> Exercise prompt
Go through the listing and set it down exactly, leaving out its pictures.

> Source material

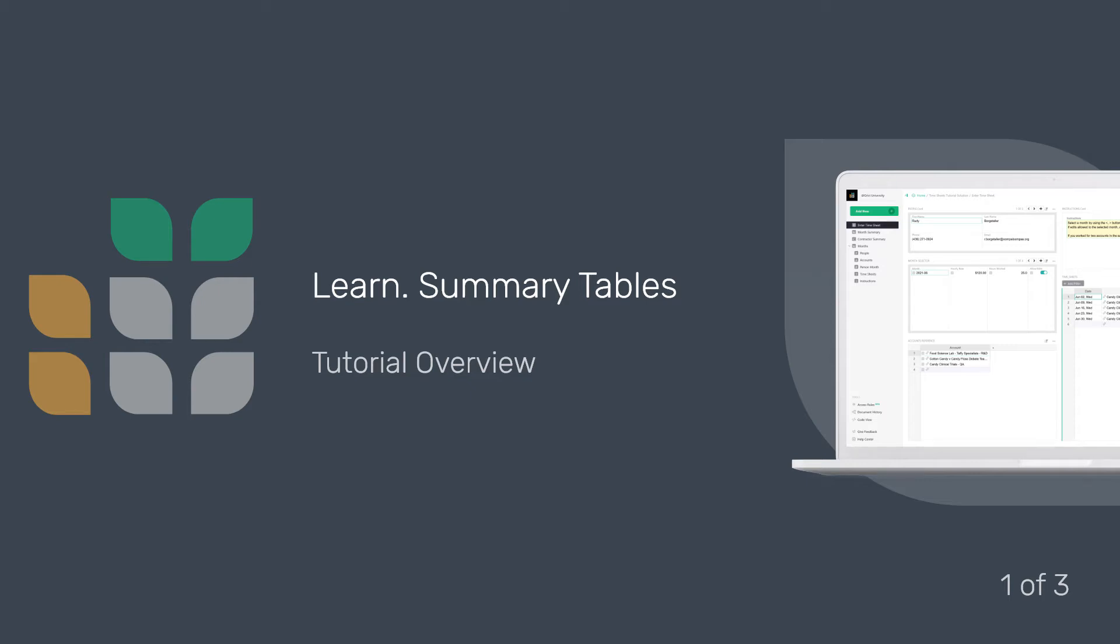In this tutorial, you will be working with a timesheet tracker as you learn about summary tables and formulas. Let's explore the document together.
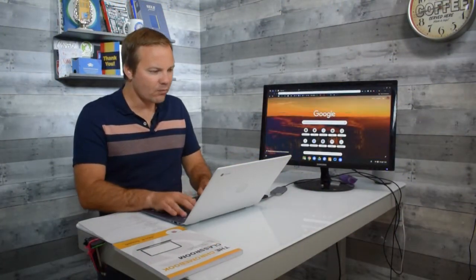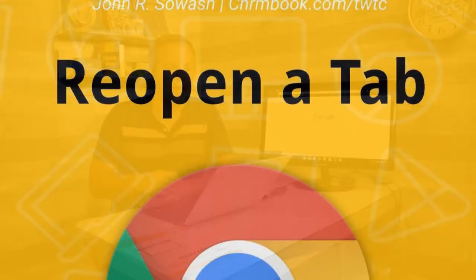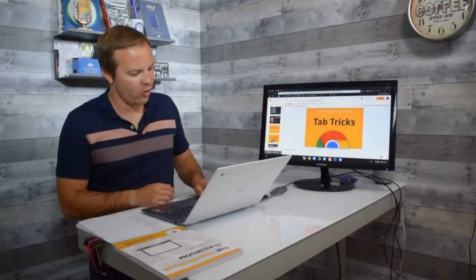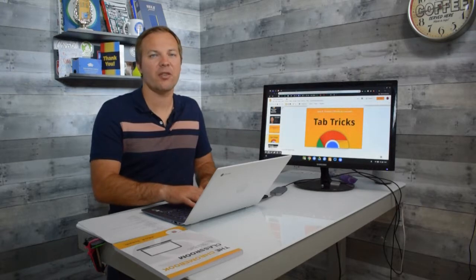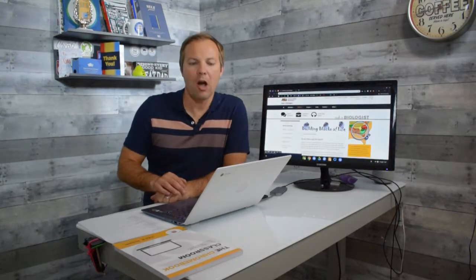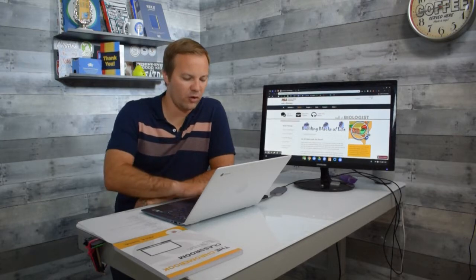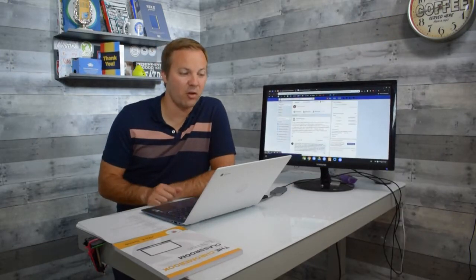Despite our best efforts, I'm very confident you have accidentally closed a tab. There's a trick to get that tab back: press Control + Shift + T on your keyboard. That will reopen a recently closed tab. I use this probably a dozen times a day. This is also a marvelous classroom management technique — if you see a student frantically closing tabs as you approach, press Control + Shift + T to reopen all the tabs they recently closed.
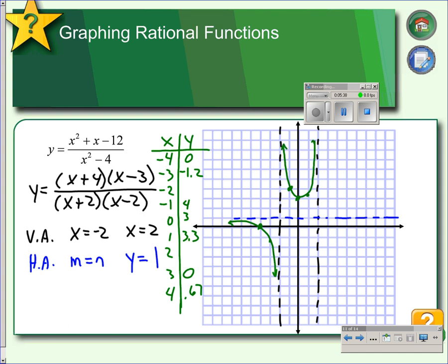On the right side of the right asymptote, I picked x equals 3 and 4, since x equals 2 is a vertical asymptote and gives no value. When x is 3, y is 0, and when x is 4, y is 0.67. So we end up with a curve that goes like this, and that's what the graph of the function looks like.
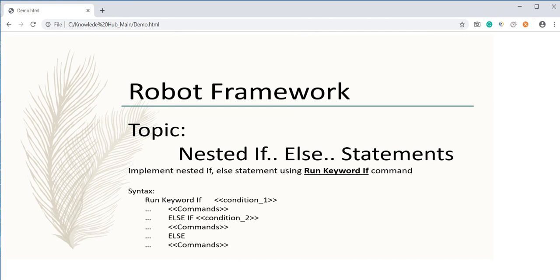Hey everyone, in this topic we are going to learn how to use nested if-else statements using Robot Framework. In this tutorial I am using the run keyword if command for implementing the nested if statement.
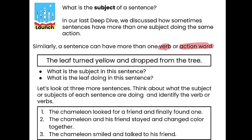Let's read this sentence in the box: The leaf turned yellow and dropped from the tree. What is the subject in this sentence? Who or what is doing the action? The leaf. The leaf is doing the action. What is the leaf doing? The leaf turned yellow and dropped from the tree — so the leaf is doing more than one action. That's what we're going to be working with today: finding more than one verb or action word in a sentence.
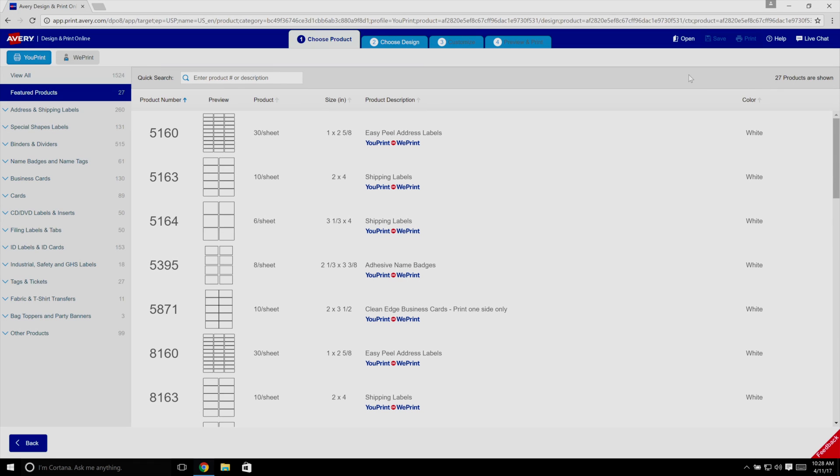Let's look at adding QR and barcodes in Avery Design & Print Online. Barcodes make it possible to scan numbers, letters, and more.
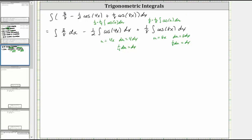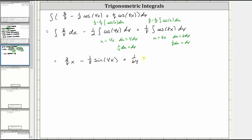Now we can go ahead and integrate. The integral of three eighths with respect to x is three eighths x. Then we have minus one eighth times the integral of cosine u, which is one eighth sine u, giving us minus one eighth sine four x, since u is equal to four x. And then we have plus one sixty-fourth times the integral of cosine u, which gives us one sixty-fourth sine u, which is one sixty-fourth sine eight x, plus c for the constant of integration.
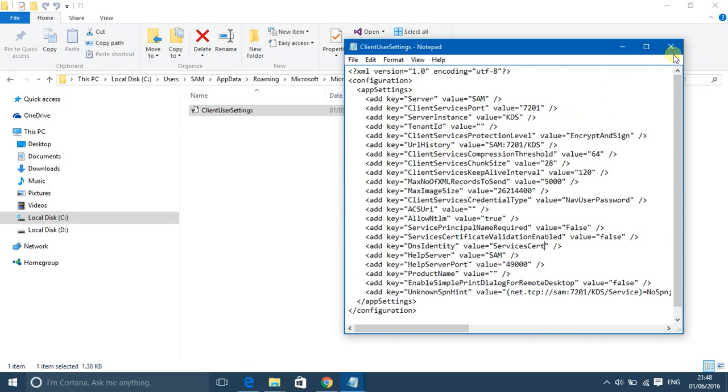That's all for now. After doing this, you have to save it, then close the Notepad file. That's all.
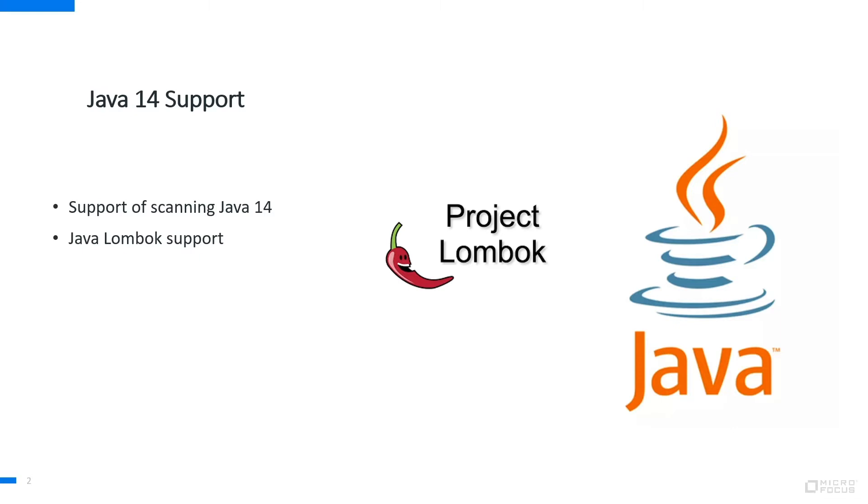We introduced with 20.2 native support for Lombok, which means you do not need to run dLombok before on your code anymore as you would have done with previous releases in order to properly understand Lombok annotated source code. Fortify will understand Lombok natively.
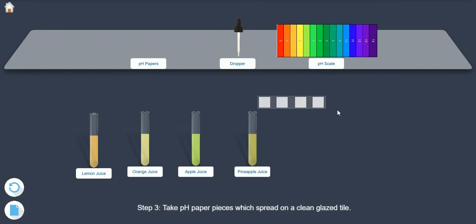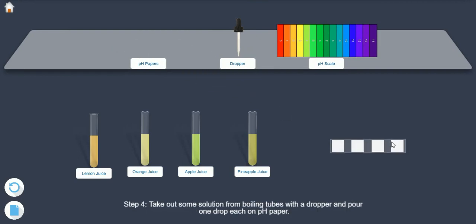Step 4: Take out some solution from boiling tubes with a dropper and pour one drop each on pH paper.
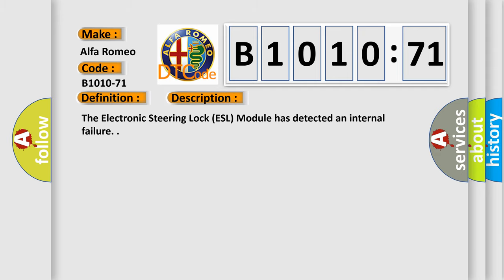And now this is a short description of this DTC code. The electronic steering lock ESL module has detected an internal failure.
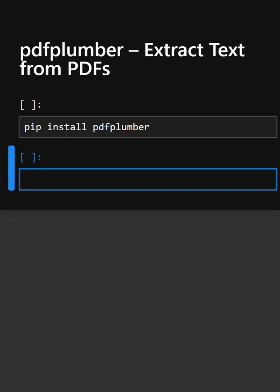You can simply install by pip install pdfplumber. Now we'll start with the code.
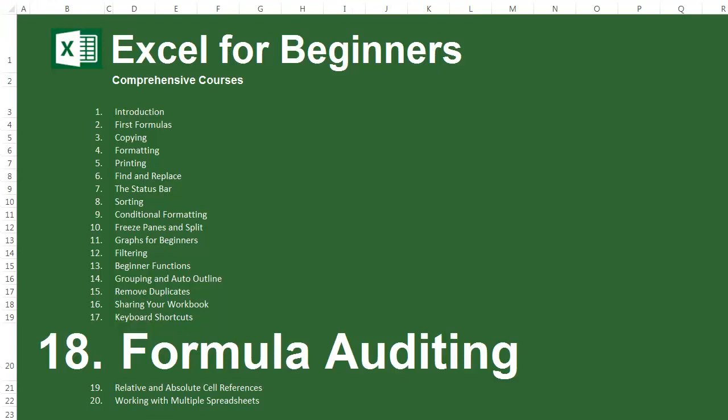Thank you for watching lesson 18 of the Excel for beginners course. I recommend you watch all the lessons from the Excel for beginners and advanced Excel courses, and then check your skills by doing the Excel job interview tests, which are at the end of the advanced Excel course. The next lesson is called relative and absolute cell references.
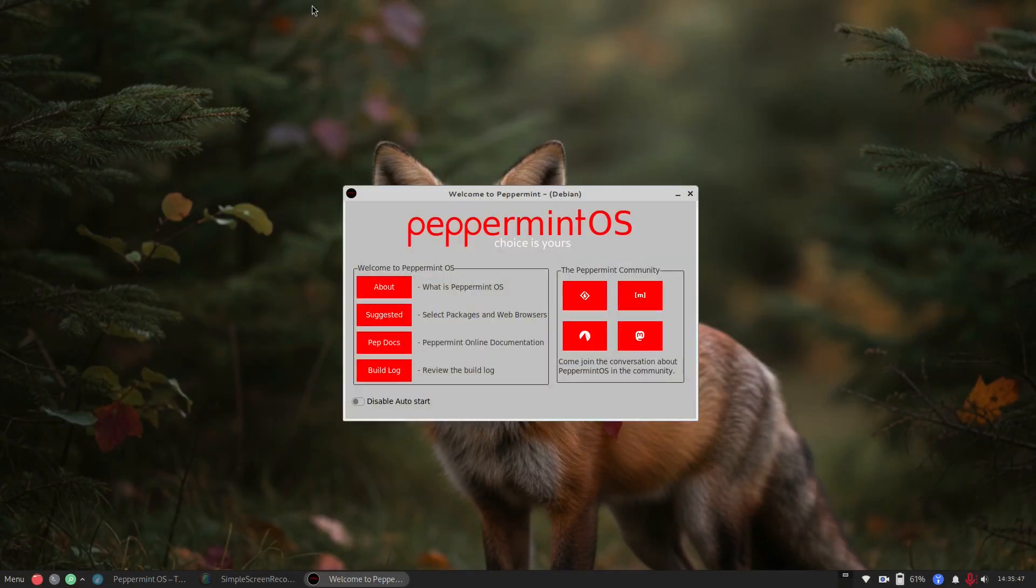Welcome back to Switch to Linux. It's been a while since we've looked at Peppermint, and they just released another version about a month ago. This is based on Debian Trixie, of course.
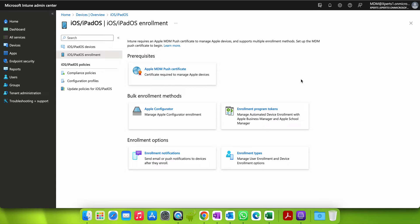Welcome back to my channel. If you have not liked and subscribed, please like and subscribe. In this video I am going to show you how you can create an Apple Configurator profile.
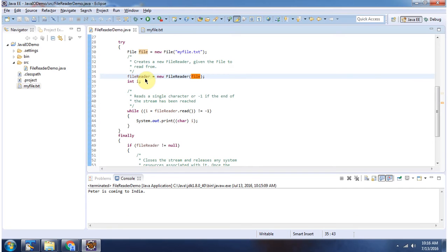Once I created the fileReader, using the read method I am reading the file content and displaying the output. Here you can see the output.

> Result
In this tutorial, you will be working with a timesheet tracker as you learn about summary tables and formulas. Let's explore the document together.
Despite our best efforts, I'm very confident you have accidentally closed a tab. There's a trick to get that tab back: press Control + Shift + T on your keyboard. That will reopen a recently closed tab. I use this probably a dozen times a day. This is also a marvelous classroom management technique — if you see a student frantically closing tabs as you approach, press Control + Shift + T to reopen all the tabs they recently closed.
On the right side of the right asymptote, I picked x equals 3 and 4, since x equals 2 is a vertical asymptote and gives no value. When x is 3, y is 0, and when x is 4, y is 0.67. So we end up with a curve that goes like this, and that's what the graph of the function looks like.
Hey everyone, in this topic we are going to learn how to use nested if-else statements using Robot Framework. In this tutorial I am using the run keyword if command for implementing the nested if statement.
Let's read this sentence in the box: The leaf turned yellow and dropped from the tree. What is the subject in this sentence? Who or what is doing the action? The leaf. The leaf is doing the action. What is the leaf doing? The leaf turned yellow and dropped from the tree — so the leaf is doing more than one action. That's what we're going to be working with today: finding more than one verb or action word in a sentence.
Let's look at adding QR and barcodes in Avery Design & Print Online. Barcodes make it possible to scan numbers, letters, and more.
Now we can go ahead and integrate. The integral of three eighths with respect to x is three eighths x. Then we have minus one eighth times the integral of cosine u, which is one eighth sine u, giving us minus one eighth sine four x, since u is equal to four x. And then we have plus one sixty-fourth times the integral of cosine u, which gives us one sixty-fourth sine u, which is one sixty-fourth sine eight x, plus c for the constant of integration.
That's all for now. After doing this, you have to save it, then close the Notepad file. That's all.
We introduced with 20.2 native support for Lombok, which means you do not need to run dLombok before on your code anymore as you would have done with previous releases in order to properly understand Lombok annotated source code. Fortify will understand Lombok natively.
Step 4: Take out some solution from boiling tubes with a dropper and pour one drop each on pH paper.
And now this is a short description of this DTC code. The electronic steering lock ESL module has detected an internal failure.
You can simply install by pip install pdfplumber. Now we'll start with the code.
Thank you for watching lesson 18 of the Excel for beginners course. I recommend you watch all the lessons from the Excel for beginners and advanced Excel courses, and then check your skills by doing the Excel job interview tests, which are at the end of the advanced Excel course. The next lesson is called relative and absolute cell references.
Welcome back to Switch to Linux. It's been a while since we've looked at Peppermint, and they just released another version about a month ago. This is based on Debian Trixie, of course.
Welcome back to my channel. If you have not liked and subscribed, please like and subscribe. In this video I am going to show you how you can create an Apple Configurator profile.
Once I created the fileReader, using the read method I am reading the file content and displaying the output. Here you can see the output.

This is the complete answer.